I costi della crisi bancaria europea per il contribuente peggiorano ulteriormente includendo il peso delle Landesbank tedesche, che in sette anni hanno ricevuto dai soci (per lo più pubblici) 25,3 miliardi, e delle casse di risparmio spagnole, che hanno ceduto alla pubblica Sareb 39 miliardi netti di posizioni deteriorate. A differenza di quello di Atene, i salvataggi bancari non hanno trovato opposizione nè nel Nord e nè nel Sud dell’Europa.
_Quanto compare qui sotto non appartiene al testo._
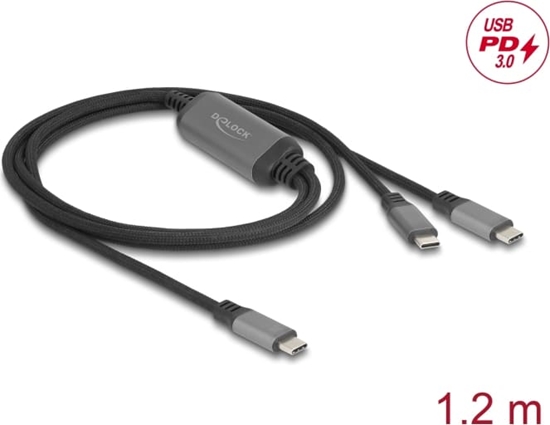 Picture of Delock USB-C™ Y-Cable 1 x male to 2 x male PD 3.0 100 W intelligent power distribution 1.2 m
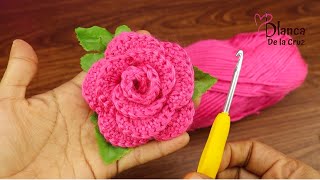 ¡¡Es tan fácil!!🌺🧶 ¡Lo hice con puntadas básicas de crochet!😱 ¡La rosa más hermosa!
Quanto ai risultati di bilancio, oggi, con gli Usa già usciti dalla recessione e l’Europa che recupera con fatica, la redditività degli istituti del Vecchio continente è ferma al 4,3%, il 75% in meno rispetto agli anni pre crisi. Al contrario oltreoceano la redditività è risalita al 6,7%, il 55% in meno rispetto al precrisi. Risultato: nel 2014 gli utili delle maggiori banche statunitensi sono stati doppi rispetto a quelli dei principali istituti europei. Nello specifico, gli utili delle realtà Usa inserite nel campione sono stati pari al 18,2% dei ricavi, contro il 9,8% fatto registrare dal gruppo delle europee. A pesare, oltre ai minori costi di struttura (64,2% dei ricavi negli Usa, contro il 68,5% dell’Europa), sono state le svalutazioni dei crediti, limitate al 4,6% del totale negli Usa contro il 10,3% dell’Europa.
Infine, a sopresa, le banche con ritorni più elevati sono quelle che fanno più credito: in Europa le banche commerciali hanno un indice di redditività (return on equity) del 5,1% rispetto al 3% di quelle concentrate sulle attività finanziarie.